Dr Margi Lennartsson

The Henry Doubleday Research Association (HDRA) is an organisation that deals with organic horticulture in its widest sense – from domestic gar­dening to allotments, landscaping, and commercial organic production. One of our key concerns is the composting of organic waste for use in urban horti­culture. Over the past decade we’ve seen the dawn of a new era for waste management. Gone are the days when we would think it acceptable to collect our waste and then just dump it in a big landfill site, or even pump it into the sea. Instead, we’ve seen recycling plants, including composting facilities, established all over the country.

The first big step towards a greater emphasis on composting came in 1990 with the publication of the government White Paper ‘This Common Inherit­ance,’ which set very clear targets for recycling. Over the years these targets have been updated and expanded. A second milestone came in 1999, with the introduction of the EU Landfill Directive, which sets clear limits on how much material can be sent to landfill, with targets based on landfill vol­umes in 1995. Thus, by 2010 the UK must landfill no more than 75 per cent of the volume of waste disposed of through that route in 1995, 50 per cent by 2030, and 35 per cent by 2020. This represents a dramatic shift in our reliance upon landfill. The EU Landfill Directive also refers specifically to biodegradable waste, with the implication for the UK that by 2010 we will have to divert three and a half million tons of biodegradable waste per annum from landfill. At the moment we divert about one million tons, so although we already have seventy big composting sites across the country, this is really is just the beginning: we still have a long way to go before we can be confident of achieving the targets.

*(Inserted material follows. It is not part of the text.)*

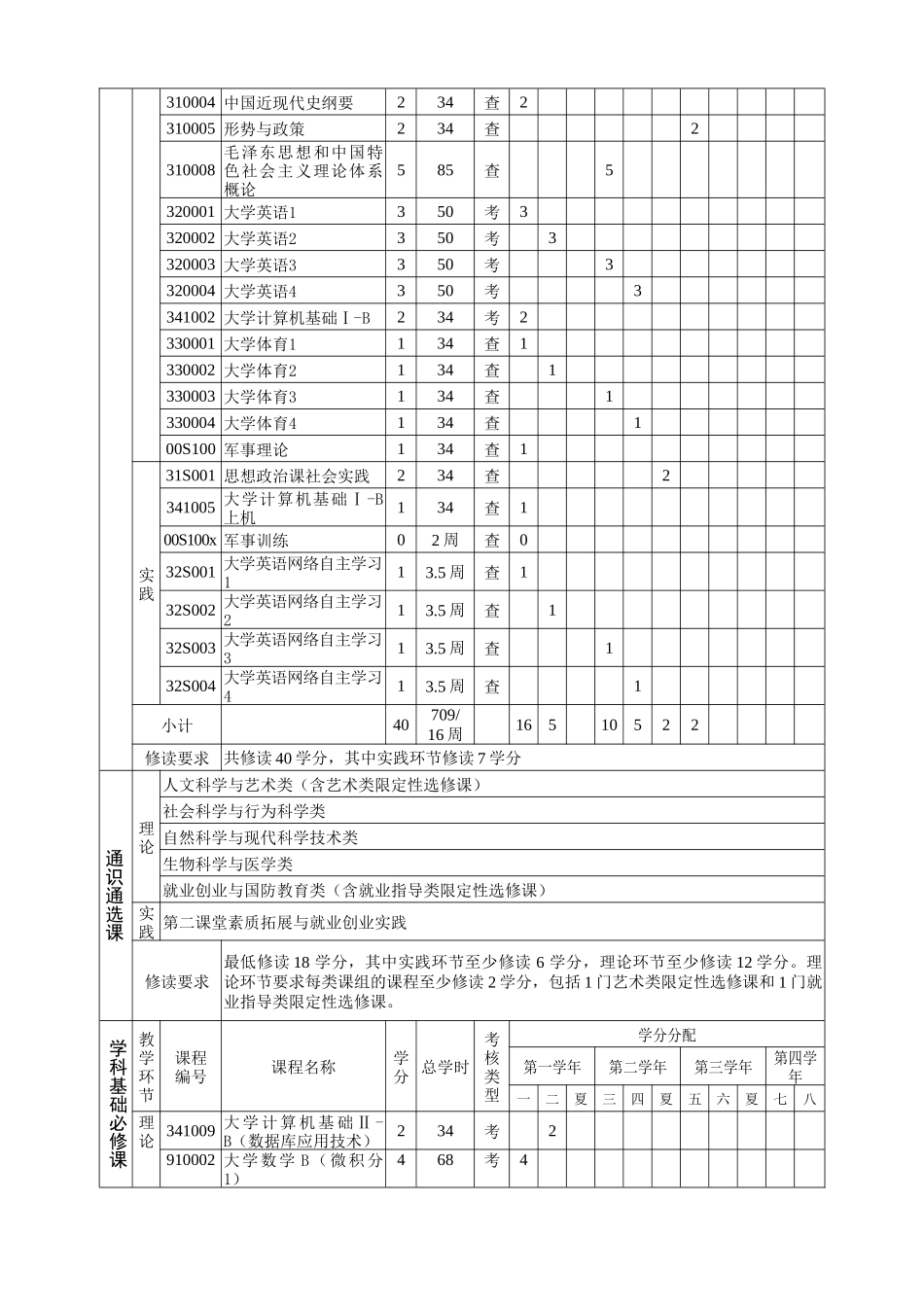 财政学专业人才培养方案_第3页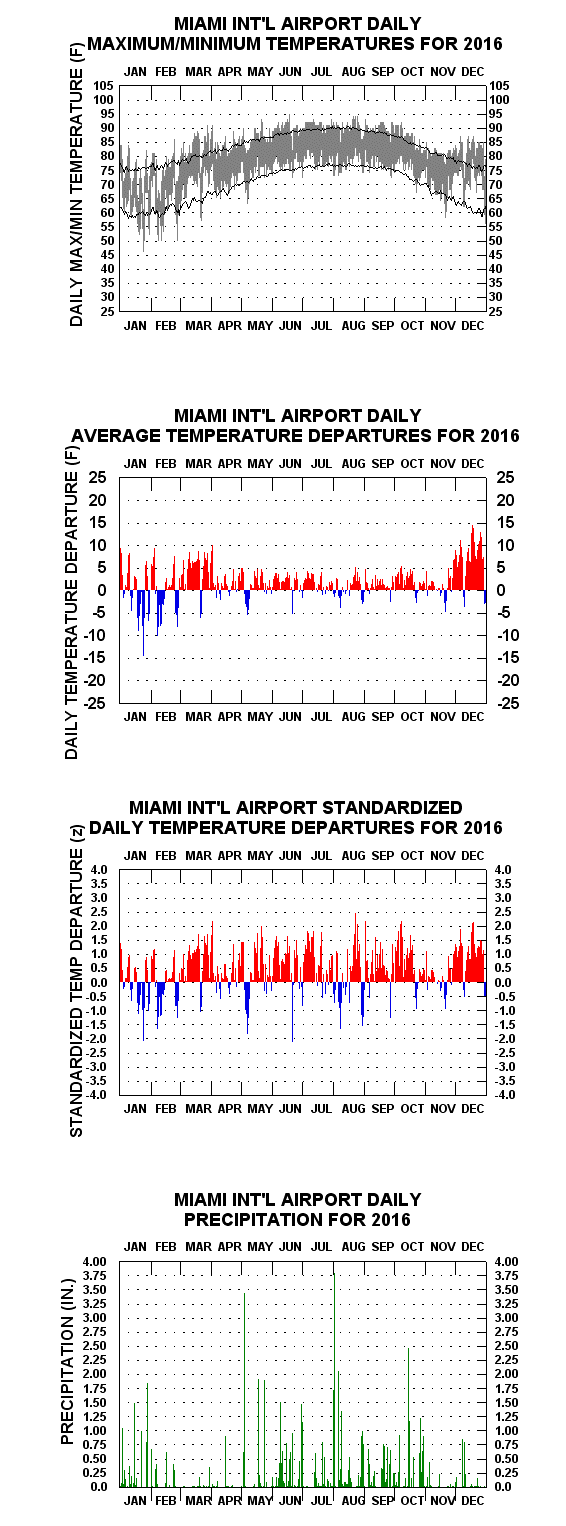 Miami Temperature Chart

There are various ways of disposing of biodegrad­able waste which avoid one of the drawbacks of landfill – the consequent free emissions of methane, a very potent greenhouse gas. One option is anaerobic digestion, which can generate some usable energy, but this method still leaves a residue which has to be disposed of somehow. Incineration is another well-supported option, but an imperfect one, since wet biodegradable waste is not particu­larly fitted to incineration, as it reduces the calorific value of the waste. Thus, the third option, compost­ing, looks to many (including HDRA) as the most cost-effective way of moving forward.

Actually, there are a number of different compost­ing options from which to choose. There are on-site options, including home composting, (i. e. compost­ing material in our own domestic gardens), com­munity composting, and on-farm composting. And then there are centralised composting units, either open-air systems, which are the most common at present, or the in-vessel systems that are begin­ning to emerge. Let’s examine these options in detail.

Many people, and especially urban horticulturalists, are very familiar with domestic on-site composting in the garden, in which biodegradable waste is col­lected from the garden and placed on a compost heap along with selected kitchen vegetable waste. Most local authorities are involved in active initia­tives to promote this sort of composting, because it’s obviously one of the best ways of diverting biodegradable waste. No transport at all is involved, since the waste stays at home, and households cre­ate their own compost, which can then replace some of the inputs that would otherwise be used in the garden. Local authorities are also getting a lot of help in encouraging more domestic composting, for example through the efforts of HDRA and other organisations in promoting composting education programmes: how to set them up, how to get people involved, and how to present the message. There is also the Master Composting Manual, a guide for local authorities on successful implementation of home composting schemes. There are good functioning examples of campaigns to emulate, such as Rugby Borough Council’s ‘Rugby Rotter’ and the Coventry Composter Newsletter. And there are large amounts of practical information available to the public on home composting, such as that produced at HDRA.

An alternative centralised option is open-air windrow composting. Not everyone can compost their own domestic waste at home. There are always going to be some wastes that have to be collected at the curbside and brought to central sites for composting. At present these facilities are usually located outside the city boundaries, or even in the rural areas. The material is fed through a large shredder in which it is macerated to make it uniform and more accessible for micro-organisms. These facilities do not have to be large-scale, although many are. Smaller-scale equipment is available for use in parks and by gar­den landscapers, with the shredder simply mounted on the back of a tractor.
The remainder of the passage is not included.